政治委員の事務所のドアをノックし、離婚協議書を差し出した。
「これは私と許靜怡の離婚報告書です。組織が早急に承認してくださることを願います」
政治委員は驚いて万年筆を置き、私の悲喜こもごもない表情を見て、ようやく私が冗談を言っているわけではないと理解した。

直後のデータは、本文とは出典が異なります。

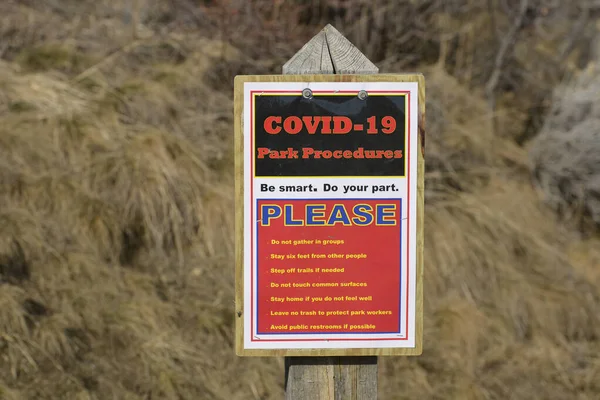 Mart 2020: Bir Covid-19 Coronavirus Park prosedürü Helena, Montana 'daki Helena Dağı' nın tepesine asıldı, viral hastalıkların yayılmasını önlemek için sağlık ve güvenlik ipuçlarına dair uyarıda bulundu..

彼女は確かに靜怡の筆跡であることを確認した後、頭を振った。
「娘さんが亡くなって辛いのは分かるが、許團長も任務遂行で忙しかったから、葬儀に参列できなかっただけだ」
「君たちが結婚した時、軍属の団地の誰もが若い二人の仲の良さを羨ましがっていたじゃないか。どうしてこんなに離婚するまでこじれてしまったんだ?」
政治委員はため息をつき、目には残念そうな色が浮かんでいた。
そうだ、あれは確かに美しい思い出だった。
私と靜怡は結婚して7年、軍区で最初に結婚したカップルとして、軍区政治委員が自ら私たちの結婚式を執り行ってくれた。
結婚してすぐに、靜怡は歡歡を産んだ。
私たち三人家族は誰もが羨む仲睦まじい家庭となった。
しかし彼女の初恋の相手である顧晨が戻ってきた日から、すべてが変わってしまった。
世話をするという名目で、靜怡は毎日顧晨と影のように行動を共にしていた。
一緒に食事を取り、一緒に会議に出席し、一緒に託児所へ子供を迎えに行く。
軍区の家族たちさえ、顧站長と許團長は本当に似合いのカップルに見えると言っていた。
顧晨のために、彼女は歡歡との最後の対面さえも逃してしまった。
歡歡はママに会えなかった後悔を抱えたまま目を閉じたのだ。
私は苦笑いした。「おそらく最初から、この関係は間違いだったのでしょう」
政治委員は長いため息をついた後、結局は報告書に赤い印を押した。
私たちの関係も、ついに終止符が打たれたのだ。